Ahead of the November elections, one of the House GOP’s biggest promises to its base was that it would make sure legislation was publicly available online for three days before putting it on the floor for a vote. From the Pledge to America: “We will ensure that bills are debated and discussed in the public square by publishing the text online for at least three days before coming up for a vote in the House of Representatives.”

However, in a draft of their proposed rules for the House in the 112th Congress, they reportedly left themselves quite a loophole: the powerful Rules Committee seemingly won’t be subject to the transparency requirements and can amend and even replace any bill. As Politico reported Wednesday, “That would leave GOP leaders a significant exemption to make last-minute changes without such a long period of public scrutiny.”

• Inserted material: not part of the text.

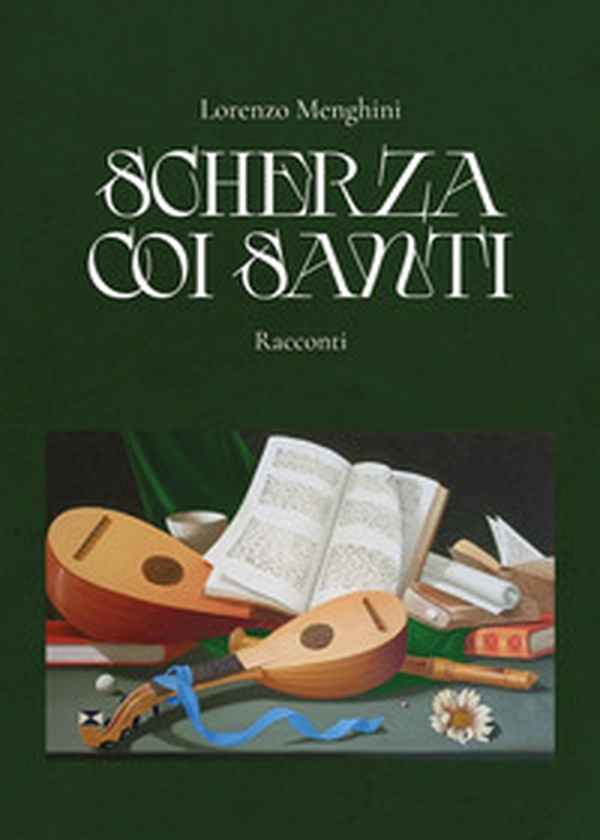 Scherza coi santi - Librerie.coop Scherza coi santi - Librerie.coop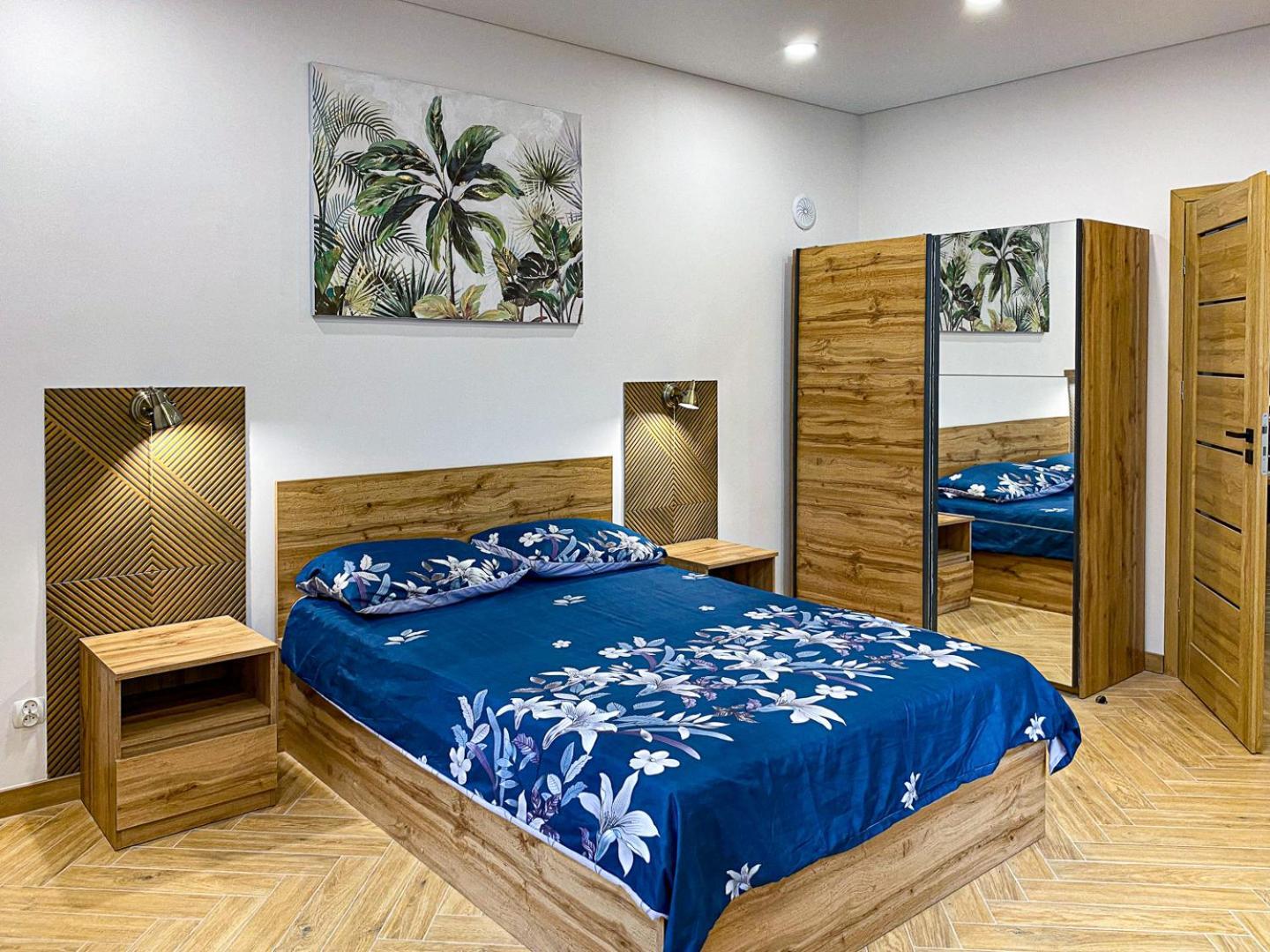 Apartamenty Lux Slowackiego, Przemyśl Esterno foto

This does not please the Tea Party.“If there are loopholes used by the GOP to circumvent transparency, you can be sure that Tea Party Patriots across the nation will make it known to Republicans that such behavior is unacceptable,” says Mark Meckler, co-founder of the influential Tea Party Patriots, in an email to me. “This is not about the philosophy of the majority party, this is about the role of citizens. We will watchdog the system, and we will find a way to close any loopholes. In addition, any elected officials attempting to use loopholes to circumvent the expected transparency will quickly find themselves exposed to wrath of a public fed up with the games of politicians.”

The power of the House majority is enormous, and its lure is strong. Frankly nobody expected the GOP (and nobody would expect either party) to write their powers out of existence, and partisan voters tend to forget about the flipside of these powers when their party is using them. The question is whether groups like the Tea Party Patriots will actually hold Republicans’ feet to the fire or not. The proposed rules have not been finalized, and will not be adopted until the 112th Congress begins in early January.